Her confrontation with Haruko is also quite revealing in a few respects, as this is clearly the angriest she’s ever been in the series, and she truly lets that show off here. Much like with Ide’s confrontation, she cuts right to the bone when it comes to Haruko’s actions, accusing her of being nothing but a hopeless romantic risking everyone around her for her own selfish desires. What’s interesting about these accusations is that, while they’re most definitely true, it also feels like Hidomi getting close to admitting her true feelings for Ide to herself. It’s very clear the two care deeply for one another, but Hidomi’s normally apathetic attitude doesn’t let her care about many things. However, we’ve seen her grow into someone who’s a bit more honest about her emotions when necessary, especially when arguing with her mother over not just the café, but their missing father as well.

If there is a point to be made against the overall quality of the episode, it’s how it seems to handle Aiko’s presence in the story, There’s a continued importance placed on the flower pot as necessary to the story, but it feels like Aiko only existed to get it into the hands of our protagonists.
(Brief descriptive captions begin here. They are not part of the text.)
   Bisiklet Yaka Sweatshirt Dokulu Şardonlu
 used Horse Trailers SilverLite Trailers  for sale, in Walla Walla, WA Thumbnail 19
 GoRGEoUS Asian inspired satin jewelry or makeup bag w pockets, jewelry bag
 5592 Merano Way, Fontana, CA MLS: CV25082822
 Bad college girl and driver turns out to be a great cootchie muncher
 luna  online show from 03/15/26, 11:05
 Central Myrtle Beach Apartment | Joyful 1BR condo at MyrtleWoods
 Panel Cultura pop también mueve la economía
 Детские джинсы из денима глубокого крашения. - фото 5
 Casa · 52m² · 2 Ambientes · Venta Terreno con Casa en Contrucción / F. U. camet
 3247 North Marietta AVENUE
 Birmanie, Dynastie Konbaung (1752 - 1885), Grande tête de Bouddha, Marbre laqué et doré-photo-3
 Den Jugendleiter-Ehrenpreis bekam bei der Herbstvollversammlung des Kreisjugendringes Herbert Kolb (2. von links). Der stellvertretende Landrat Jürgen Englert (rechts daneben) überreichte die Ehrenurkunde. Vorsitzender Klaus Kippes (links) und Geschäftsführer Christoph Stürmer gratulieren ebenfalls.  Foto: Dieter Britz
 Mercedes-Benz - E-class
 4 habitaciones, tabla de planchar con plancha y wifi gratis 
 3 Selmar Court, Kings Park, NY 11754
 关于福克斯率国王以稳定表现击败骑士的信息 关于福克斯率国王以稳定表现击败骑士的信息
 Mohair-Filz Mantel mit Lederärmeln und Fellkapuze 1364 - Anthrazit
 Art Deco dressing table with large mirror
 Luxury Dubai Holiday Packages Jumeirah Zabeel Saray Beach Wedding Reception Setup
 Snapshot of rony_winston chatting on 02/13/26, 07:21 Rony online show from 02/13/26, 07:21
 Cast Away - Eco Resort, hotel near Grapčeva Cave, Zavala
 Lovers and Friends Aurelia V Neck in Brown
However, the narrative still keeps her and Goro in the story, and since they are linked to each other, their presence feels kind of unnecessary, with Aiko only really existing to reinforce an admittedly cheap gag about Goro being a sad dateless loner.

This episode is an absolute triumph of pure visual inventiveness, throwing as many unique animation styles as possible at the viewer in a creative fury that is easily the closest that Progressive has gotten to emulating the energy and spirit of the original series while still maintaining its own vibe. To that end, the episode even relies on some familiar music cues to enhance the proceedings, most notably “Last Dinosaur” during the climactic Mechanica assault. All the pieces are now set in place, and with Atomsk’s return imminent, I really can’t wait to see how this all ultimately ties together. However it ends, I am here for the end of this wild ride.